«EL Harba» (La fuite) de Ghazi Zaghbani : L’improbable face-à-face

L’interprétation magistrale d’un trio d’acteurs : Ghazi Zaghbani, Nadia Boussetta et Mohamed Ali Grayâa, les protagonistes du huis clos haletant «El harba» (La fuite), ne cesse de drainer un public venu nombreux les applaudir chaque fin de semaine : Prochain rendez-vous le 22 juin 2019 à partir de 19h30 toujours à l’Artisto.

Mise en scène et jouée par Ghazi Zaghbani, son œuvre «La fuite» se joue toujours à guichets fermés dans ce théâtre de poche. La thématique de la pièce, à la fois audacieuse et subtilement traitée, la rend toujours aussi attrayante.
Le public se retrouve témoin d’un face-à-face improbable entre une prostituée et un fanatique religieux. Ce dernier tentait d’échapper à la vigilance des autorités et se retrouve coincé dans l’antre d’une fille de joie. Commence alors un dialogue tumultueux entre les deux personnages que tout oppose.

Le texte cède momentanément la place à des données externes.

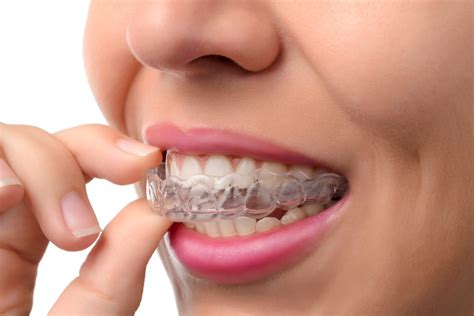 Does Insurance Cover Invisalign? The Basics Explained - Yuba City ...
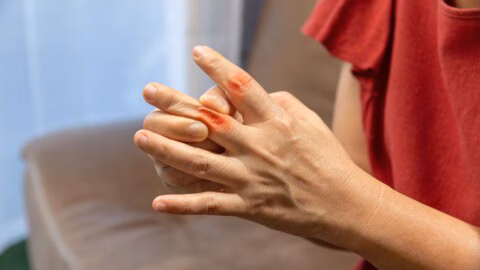 Polyarthrite rhumatoïde : quand des douleurs aux mains révèlent une maladie auto-immune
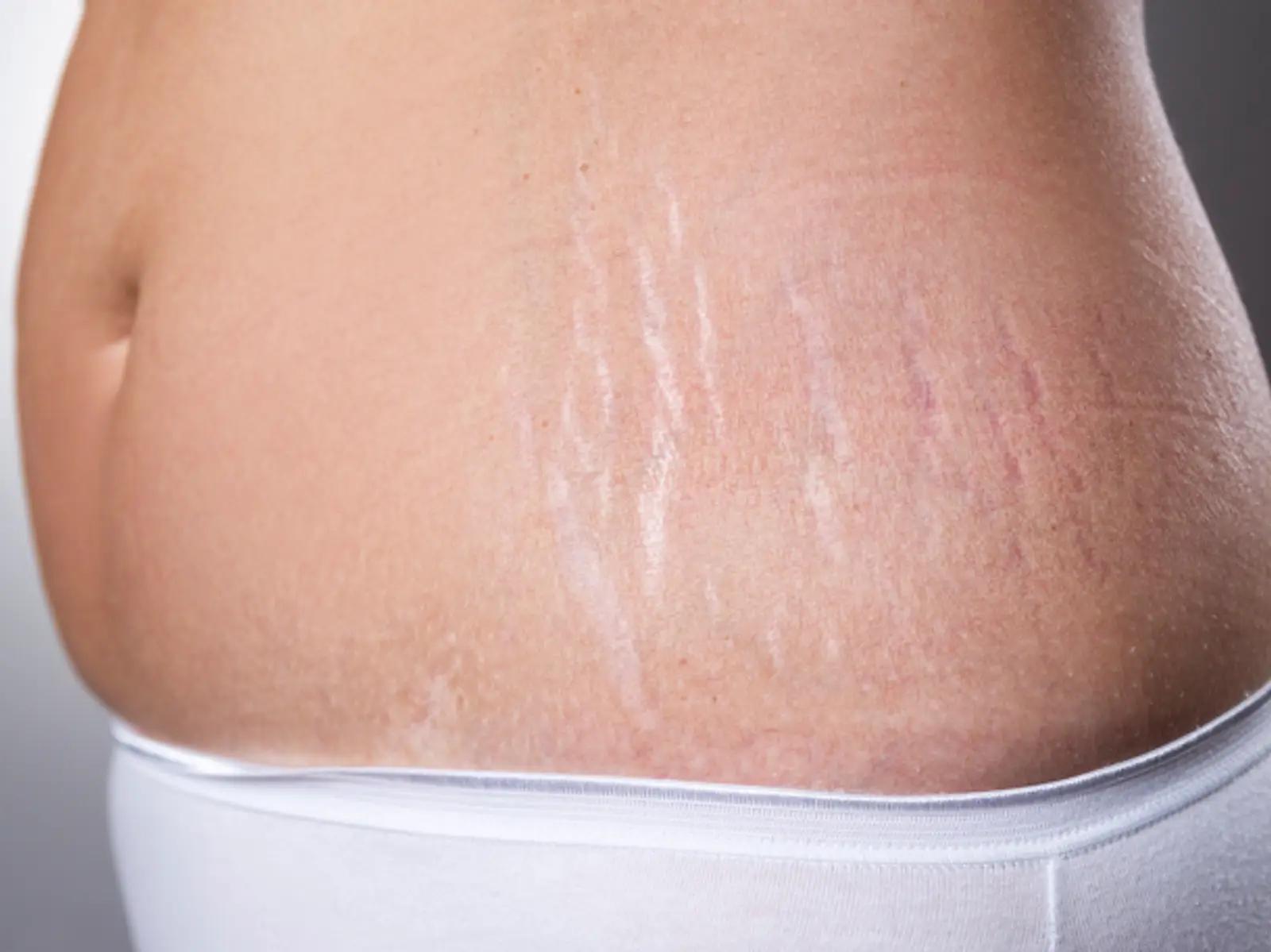 dehnungsstreifen brust schwangerschaft - Was bedeutet es wenn man Dehnungsstreifen an der Brust hat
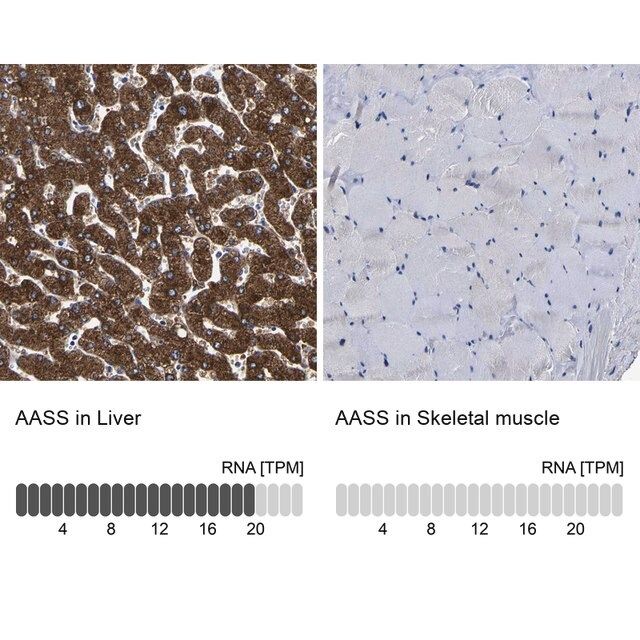 Anti-AASS antibody produced in rabbit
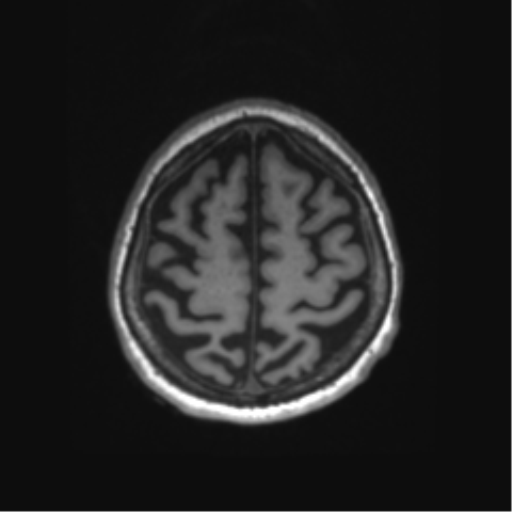 Behavioral variant frontotemporal dementia and late onset schizophrenia (Radiopaedia 52197-58083 Axial T1 9).png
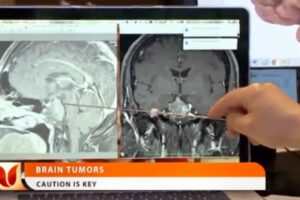 Brain Tumors program still featuring Dr. George Kaptain
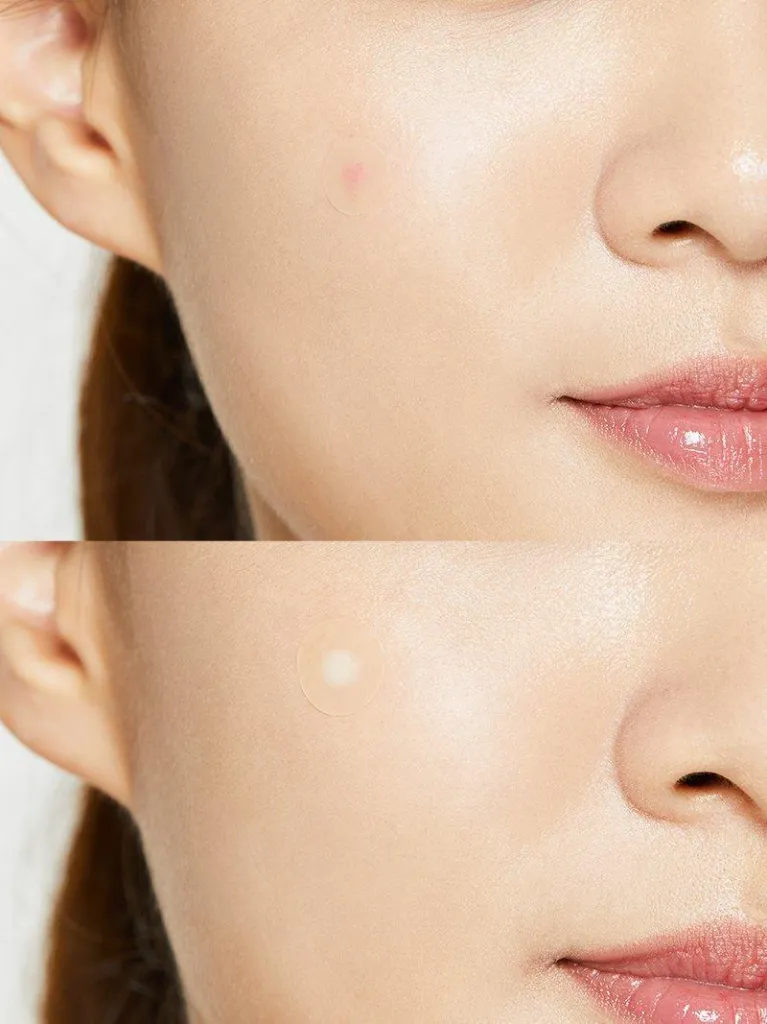 acne-pimple-master-patch-cosrx-official-5.webp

L’échange se déroule dans l’enceinte d’un espace fermé : la chambre d’une prostituée, au décor minimaliste reconstituée et parfaitement adaptée à l’espace, maîtrisé aussi minutieusement. Le spectateur fait brutalement la connaissance d’une travailleuse de sexe, «Narjess», vêtue légèrement et d’un extrémiste à la barbe et au quamis long. Ce dernier fait irruption chez elle, fuyant la police à ses trousses. «Narjess» l’aidera malgré l’idéologie extrémiste qu’il prône.

Éclate alors un dialogue salace, mais subtil pendant une heure. Les deux personnages, censés se repousser, fusionneront au fur et à mesure de cette rencontre.

L’objectif de l’œuvre est de mettre en relief les contradictions d’une Tunisie, tiraillée entre modernisme et conservatisme, et accentuées depuis l’éclatement de la révolution. Ce petit pays, qui demeure le plus ouvert du Maghreb et du Moyen-Orient, continue de subir les aléas d’un soulèvement populaire doublé par une crise identitaire. Rongé par le conservatisme, il continue tant bien que mal de résister. «El Harba» de Ghazi Zaghbani est un hymne à la tolérance et une invitation au dialogue et au vivre-ensemble malgré les différences.

L’œuvre, conçue à l’espace L’Artisto à Tunis, devait toujours se jouer dans un espace clos en cas de décentralisation car elle repose sur la proximité qui unit les personnages à leur public. Le texte de «La fuite» est une adaptation du roman en français de Hassan Mili «La P… savante» et sera adapté bientôt sur grand écran.